§ Aim of the task:
Without the pictures, output the records below word for word.

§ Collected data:
- - -

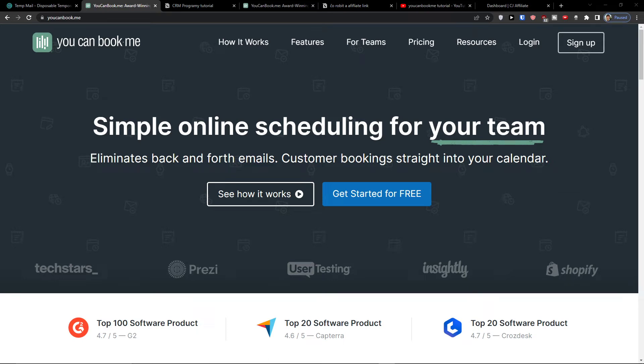Hey there guys, my name is Markus and in this video I'm going to teach you how you can easily use YouCanBookMe. After finishing this video you'll know exactly how to use it. If you have any questions, ask me down below in the comments.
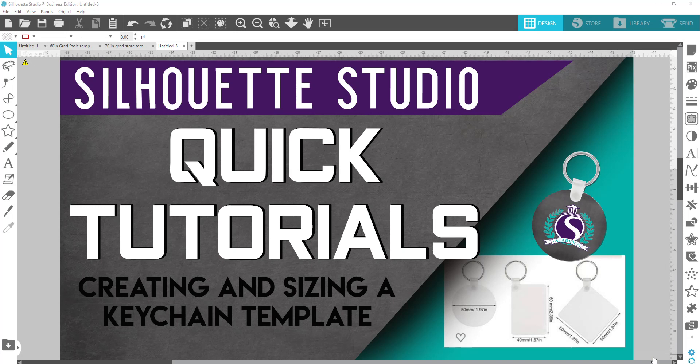In this quick tutorial, this is going to be great for beginners. I'm going to show you how to create and size a template for pretty much anything if it's a basic shape. But in this case, it's going to be a keychain. This is ideal when you are provided the sizes of your template.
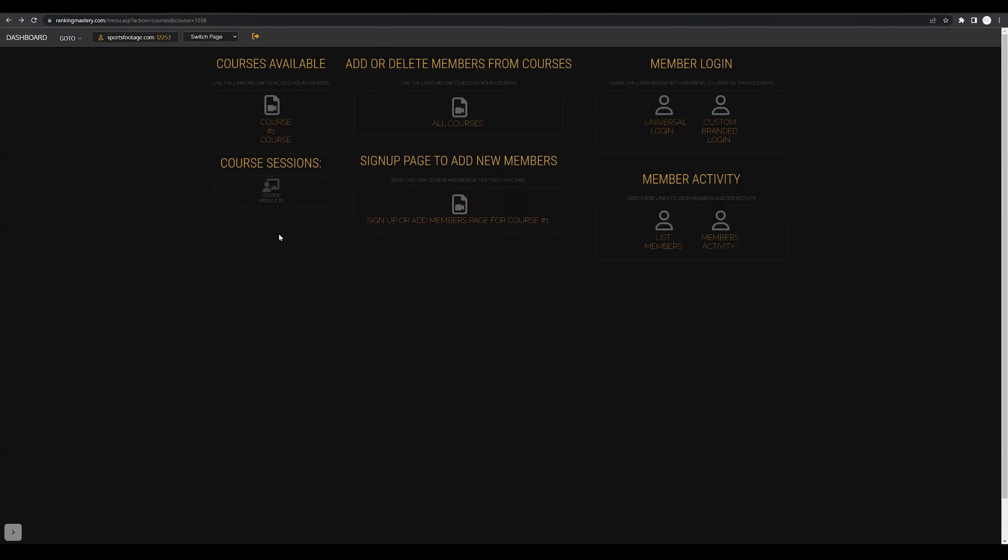Next, we're going to be getting into actually customizing your course modules and adding course sessions.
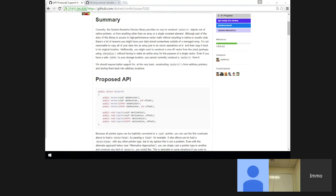We discussed this before with similar APIs like ImmutableArray, where we wanted to get an underlying array and wanted the same enforcement. So far there wasn't enough push for the C# team to actually do that.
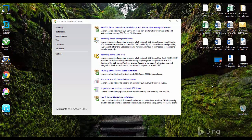Hello friends, welcome back to SQL with Manoj. In my previous video we saw how to install SQL Server 2016 RTM — we installed just the database and we saw that the SQL Server Management Studio was not part of that setup and it has to be installed separately. So we'll see today how to install SQL Server Management Studio.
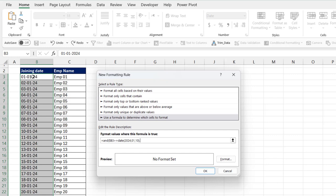Then again select the joining date first cell and remove the row dollar sign. Then less than or equal. Again type date function, open bracket. Type the year and type month. I'll also type 01 for the month. Type days, 31 for the days.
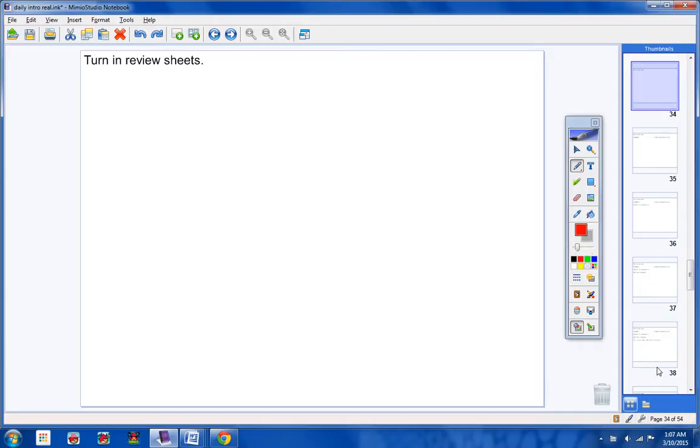Number one, go ahead and turn your review sheets in. Now, if you didn't show your work, please don't turn them in. If you didn't finish the review sheet, please don't turn them in. But if you finished them and you showed your work, turn them in. That would be five bonus points on your test.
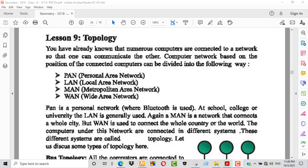PAN is a personal network that uses Bluetooth as its connection method.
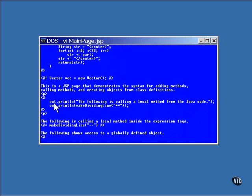This is HTML code generated through the print line method of the out object. The first statement outputs just a plain line of text. The second statement calls the makeDividingLine method and outputs the line of text it returns. It passes in a string of two asterisks, so the returned string is 20 asterisks surrounded by center tags.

- - -

§ Problem solution:
Hey there guys, my name is Markus and in this video I'm going to teach you how you can easily use YouCanBookMe. After finishing this video you'll know exactly how to use it. If you have any questions, ask me down below in the comments.
In this quick tutorial, this is going to be great for beginners. I'm going to show you how to create and size a template for pretty much anything if it's a basic shape. But in this case, it's going to be a keychain. This is ideal when you are provided the sizes of your template.
Next, we're going to be getting into actually customizing your course modules and adding course sessions.
We discussed this before with similar APIs like ImmutableArray, where we wanted to get an underlying array and wanted the same enforcement. So far there wasn't enough push for the C# team to actually do that.
Hello friends, welcome back to SQL with Manoj. In my previous video we saw how to install SQL Server 2016 RTM — we installed just the database and we saw that the SQL Server Management Studio was not part of that setup and it has to be installed separately. So we'll see today how to install SQL Server Management Studio.
Then again select the joining date first cell and remove the row dollar sign. Then less than or equal. Again type date function, open bracket. Type the year and type month. I'll also type 01 for the month. Type days, 31 for the days.
Number one, go ahead and turn your review sheets in. Now, if you didn't show your work, please don't turn them in. If you didn't finish the review sheet, please don't turn them in. But if you finished them and you showed your work, turn them in. That would be five bonus points on your test.
PAN is a personal network that uses Bluetooth as its connection method.
This is HTML code generated through the print line method of the out object. The first statement outputs just a plain line of text. The second statement calls the makeDividingLine method and outputs the line of text it returns. It passes in a string of two asterisks, so the returned string is 20 asterisks surrounded by center tags.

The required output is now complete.